About the Firm: Formed in 1991, the Law Offices of Moffa, Sutton, & Donnini, P.A. is a law firm with a primary practice area of Florida tax controversy and a heavy emphasis on Florida sales and use tax. With offices in Fort Lauderdale, Tampa, and Tallahassee, the firm defends business owners against the Florida Department of Revenue and the Department of Business and Professional Regulation from the initial audit notice through administrative protest and litigation as well as collections, revocations, and criminal investigations.
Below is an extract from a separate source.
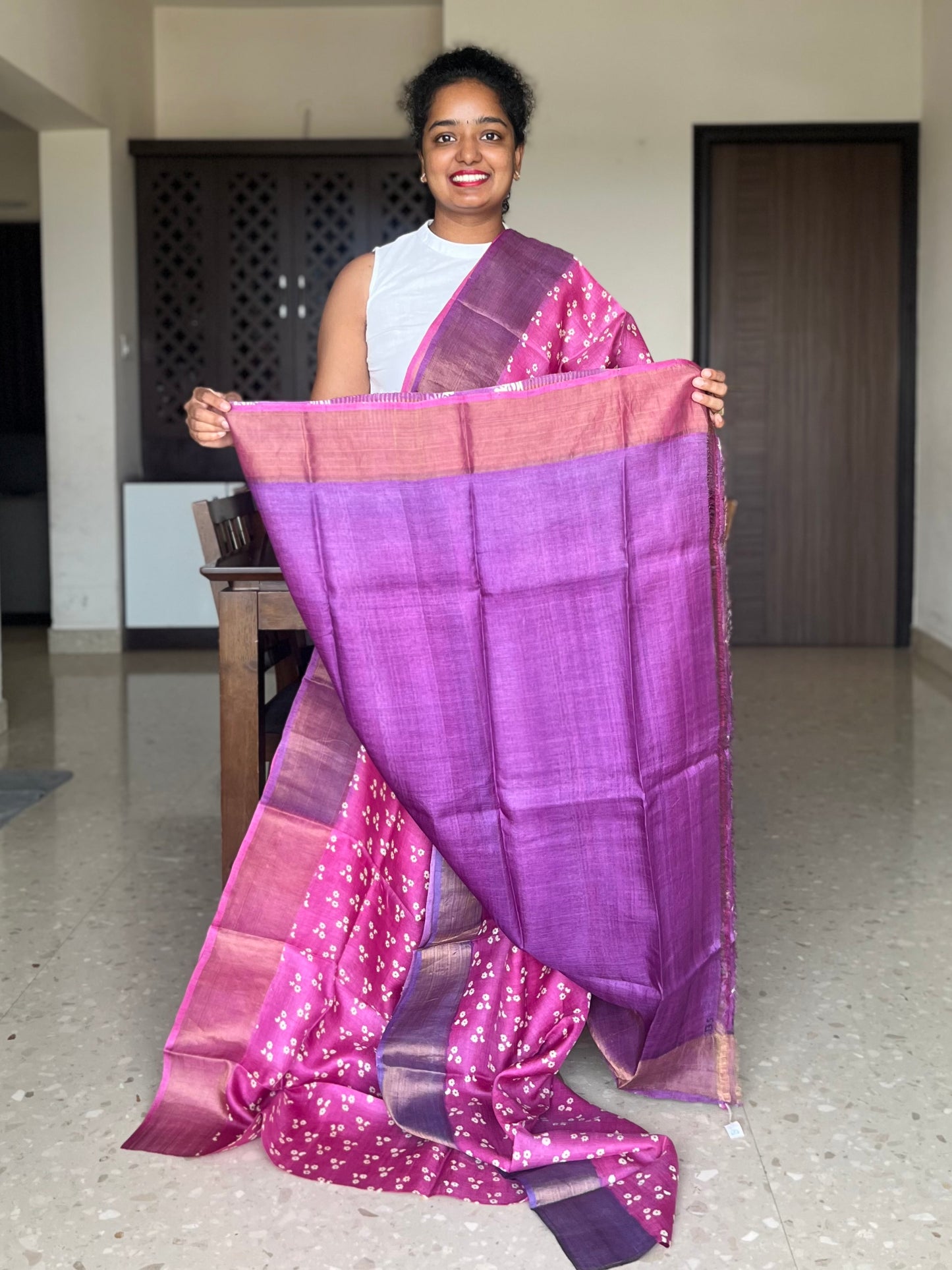 Pink and Purple Tussar Silk Saree with Prints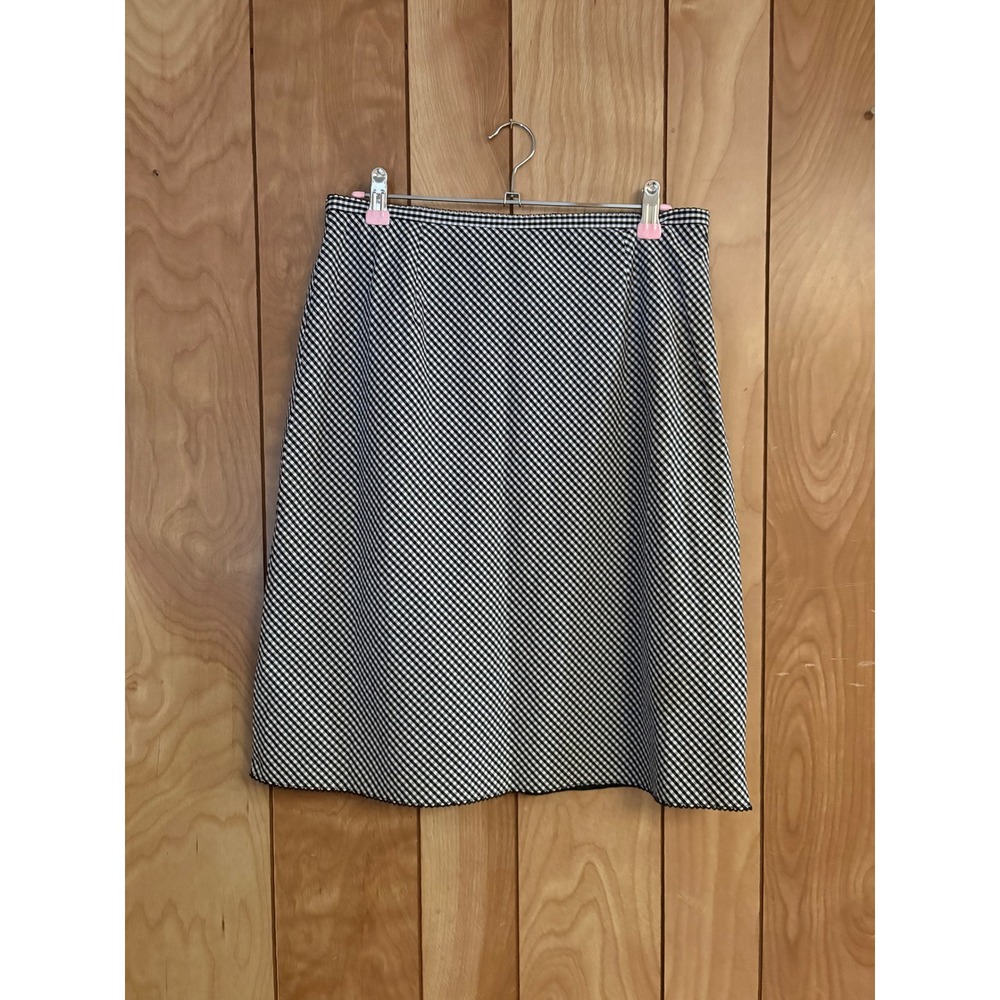 Liz Claiborne Lizsport Womens Black White Gingham Cotton A-Line Skirt Size 8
Florida tax attorney; Florida sales tax attorney; Florida sales tax audit; Florida tax protest; Florida tax help; Tampa tax attorney; Orlando tax attorney; Miami tax attorney; Tallahassee tax attorneyAbout the Author: James (Jim) F. McAuley is an experienced attorney, joining the firm in 2015 after an exemplary career with the state of Florida. Holding the Florida Bar board certification as a specialist in State and Federal Administrative Law, Mr. McAuley represented the State of Florida for more than 20 years in the area of state and local taxation and administrative law with an emphasis on litigation. Mr. McAuley is Board Certified by the Florida Bar in the area of State and Federal Government Administrative Practice. Mr. McAuley holds the highest rating given to lawyers by Martindale Hubbell (Av) and has maintained that rating for more than 15 years. He is also a published legal author in both State taxation and Administrative law. He is an alumni & author of the Nova Law Review (Fall 2007). You can read more about Mr. McAuley in his firm bio.

ADDITIONAL RESOURCES

FL Tax: When Everyone is Injured, But Nobody Can Sue, published August 3, 2016, by James McAuley, Esq.

Burden of Proof & Persuasion in FL Tax Cases, published May 31, 2015, by James McAuley, Esq.

Challenging Agency Statements Defined as a Rule, published October 6, 2015, by James McAuley, Esq.